#### Task details
What you give back should be exactly the lines from the one with "Teresa lit avec" through the final line of the material, pictures removed; please add nothing.
►
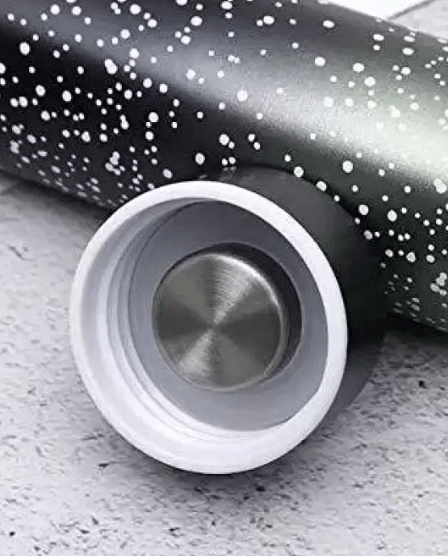 hot and Cold Slim Steel Thermos Flask for Tea/Coffee Bottle, Home,Office,etc 380ML 380 ml Flask  (Pack of 1, Black, Steel)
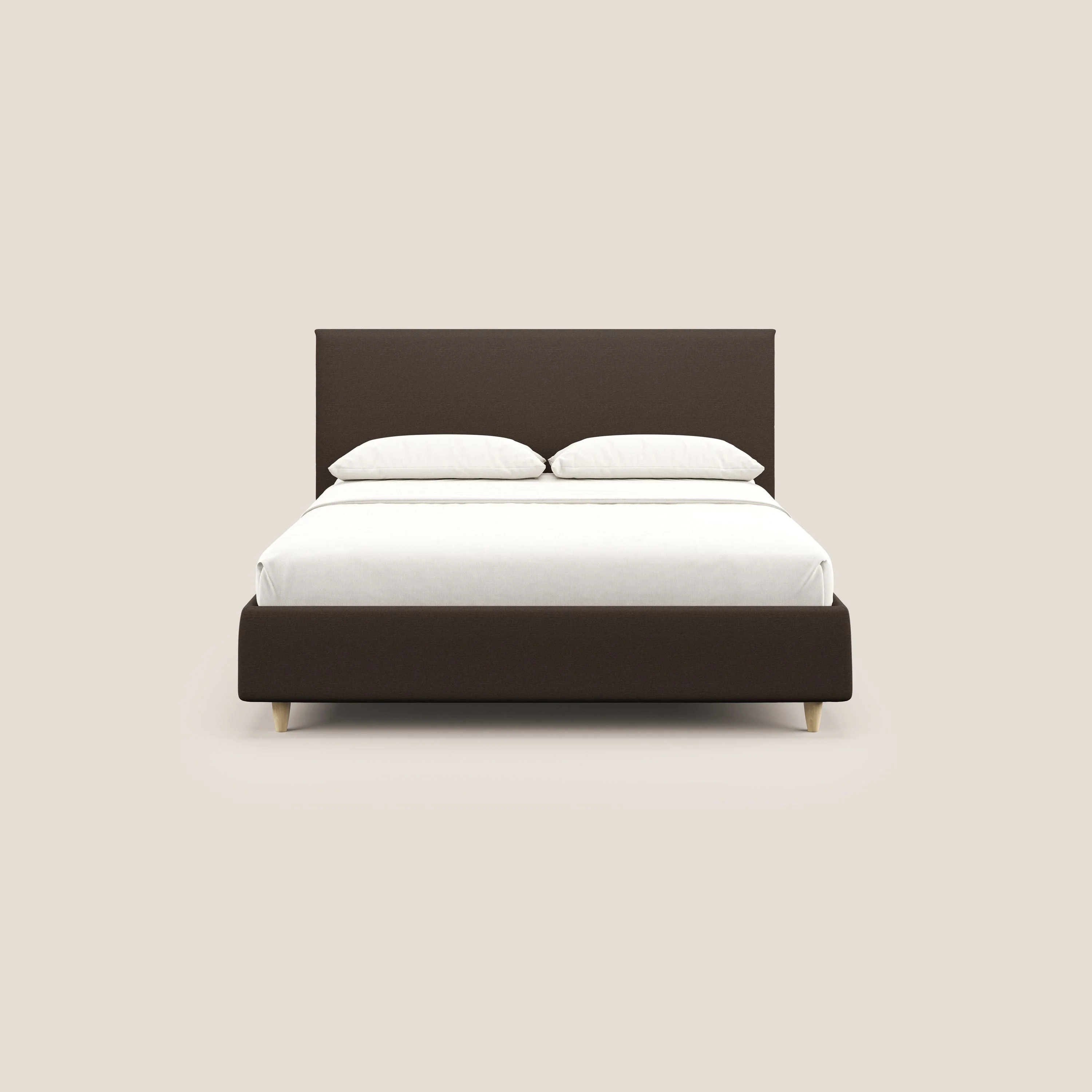 Teresa lit avec coffre déhoussable en tissu mixte coton imperméable T13 marron - Image 3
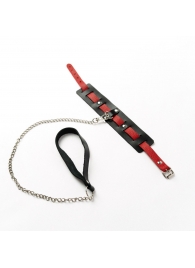 Черный ошейник с красным ремешком и поводком - Crazy Handmade - купить с доставкой в Самаре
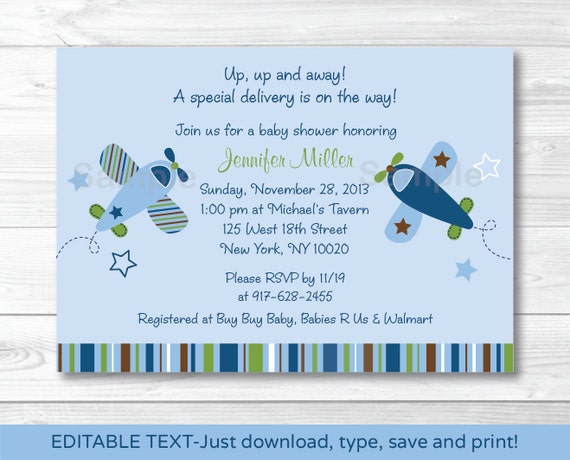 Free Printable Airplane Baby Shower Invitations 3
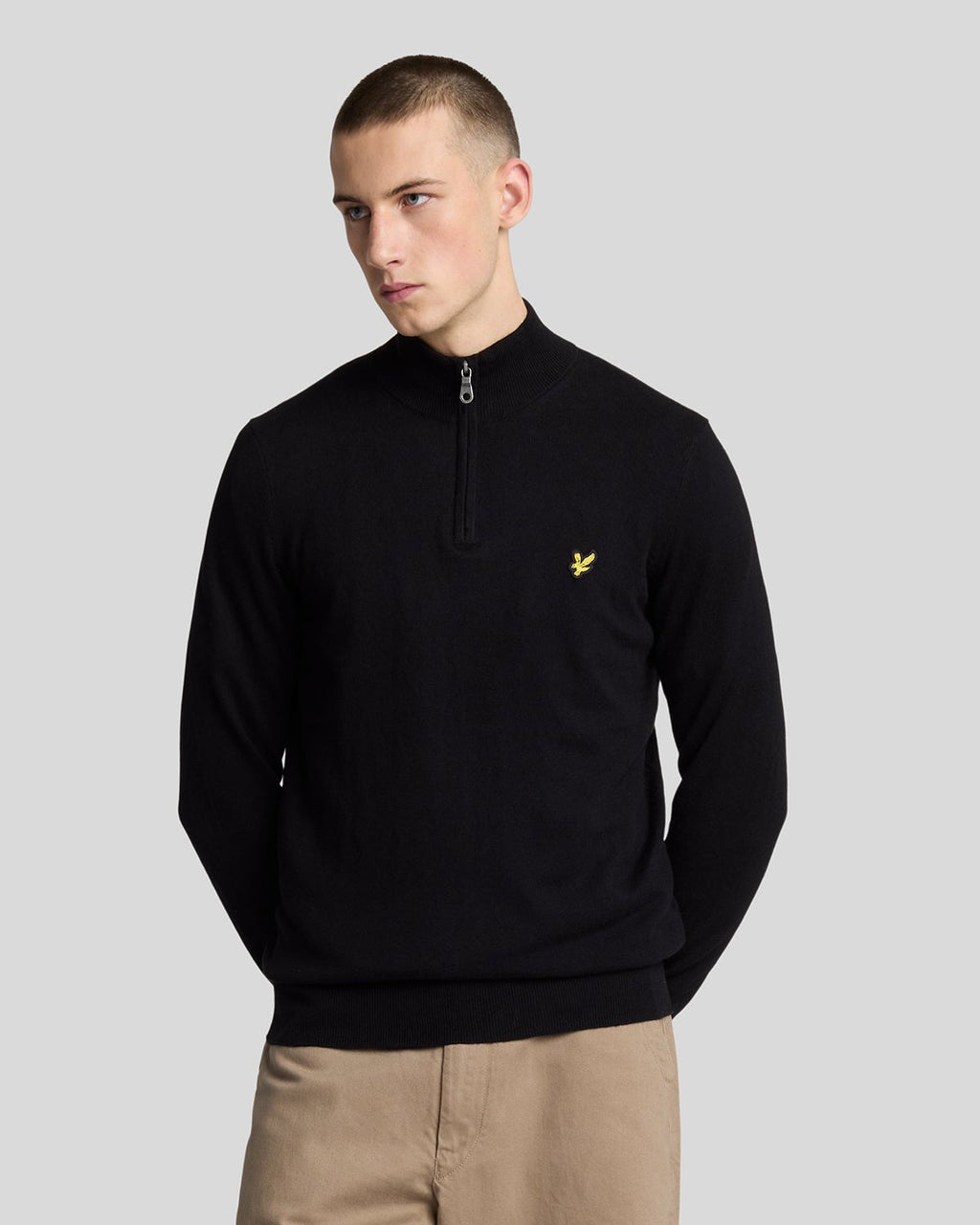 Lyle & Scott Mens Cotton Merino 1/4 Zip Jumper | Jet Black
◄
#### Task response
 Teresa lit avec coffre déhoussable en tissu mixte coton imperméable T13 marron - Image 3
 Черный ошейник с красным ремешком и поводком - Crazy Handmade - купить с доставкой в Самаре
 Free Printable Airplane Baby Shower Invitations 3
 Lyle & Scott Mens Cotton Merino 1/4 Zip Jumper | Jet Black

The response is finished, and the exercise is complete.